Marilynne Robinson
Known for her lyrical, precise language and complex style, Marilynne Robinson is regarded as one of the most significant American novelists of her generation. Robinson established her reputation in 1980 with the publication of her debut novel, Housekeeping, which garnered both critical and popular acclaim and quickly became known as a modern American classic. Almost a quarter of a century after Housekeeping, Robinson's second novel, Gilead (2004), won both the 2004 Pulitzer Prize and 2005 National Book Critics Circle Award for fiction. Home: A Novel followed in 2008. Robinson has been called "extraordinary" by the Saturday Review (January 1981) and "a consummate artist, a scrupulous scholar, a believing Christian and a genuinely radical thinker" by the Los Angeles Times (12 December 2004). Best known for her award-winning novels, she has also published two works of nonfiction, as well as short stories, articles, book reviews, and essays that have appeared in Harper's, The Paris Review, The New York Times Book Review, and The American Scholar.

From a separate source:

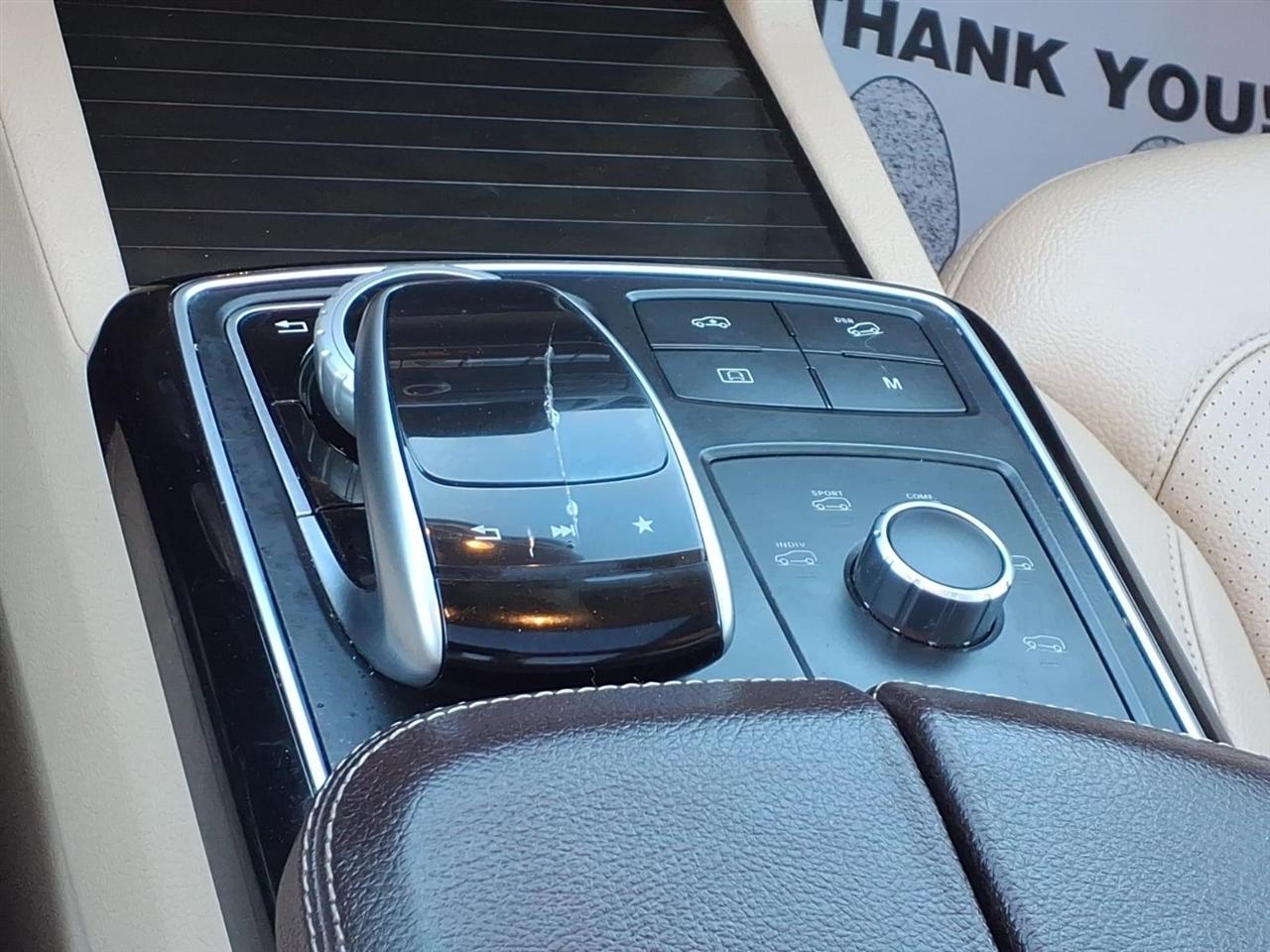 Mercedes-Benz GLS-Class  2017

Born Marilynne Summers on 26 November 1943 in Sandpoint, Idaho, Robinson is a fourth-generation Idahoan. Her father, John J. Summers, worked in the timber industry, and her mother, Ellen Harris Summers, was a homemaker. Her parents raised her and her older brother, David, now a professor of art history at the University of Virginia, in a succession of towns in northern Idaho and western Washington, including Sandpoint, Clarkston, Sagle, Coolin, Spokane, and Coeur d'Alene, wherever her father's career took them.
The majestic beauty of the Pacific Northwest had a strong effect on Robinson. In an essay entitled "My Western Roots," she recalls "walking into the woods by myself and feeling the solitude around me build like electricity and pass through my body with a jolt that made my hair prickle. I remember kneeling by a creek that spilled and pooled among rocks and among fallen trees with the unspeakably tender growth of small trees already sprouting from their backs, and thinking, there is only one thing wrong here, which is my own presence, and that is the slightest imaginable intrusion -- feeling that my solitude, my loneliness made me almost acceptable in so sacred a place."
Robinson writes in "My Western Roots" that "the hardest work in the world -- it may in fact be impossible -- is to persuade easterners that growing up in the West is not intellectually crippling." As a child, Robinson read a great deal, including classical and nineteenth-century American literature and the Bible -- her favorite book -- of which she says in "Psalm Eight" in The Death of Adam (1998), "I believe the entire hypertrophic bookishness of my life arose directly out of my exposure ... to the language of Scripture." At Coeur d'Alene High School, Robinson's Latin teacher, Mrs. Bloomsburg, exposed her to Horace and Virgil, and "taught us patience with that strange contraption called the epic simile, which, to compare great things with small, appears fairly constantly in my own prose, modified for my own purposes. It was Mrs. Bloomsburg also who trudged us through Cicero 's vast sentences, clause depending from clause, the whole cantilevered with subjunctives and weighted with a culminating irony.... And at the end of it all, I think anyone can see that my style is considerably more in debt to Cicero than to Hemingway."
After graduating from Coeur d'Alene High School in 1962, Robinson attended Brown University, in Providence, Rhode Island, where her brother was a senior during her freshman year. There, Robinson studied literature and religion, and during her sophomore year she took creative writing with novelist John Hawkes. Robinson maintains that she began writing fiction during that time "partly in hopes of making my friends there understand how rich and powerful a presence a place can be which, to their eyes, is forbidding and marginal, without population or history, without culture in any form recognizable to them" ("Wilderness," The Death of Adam).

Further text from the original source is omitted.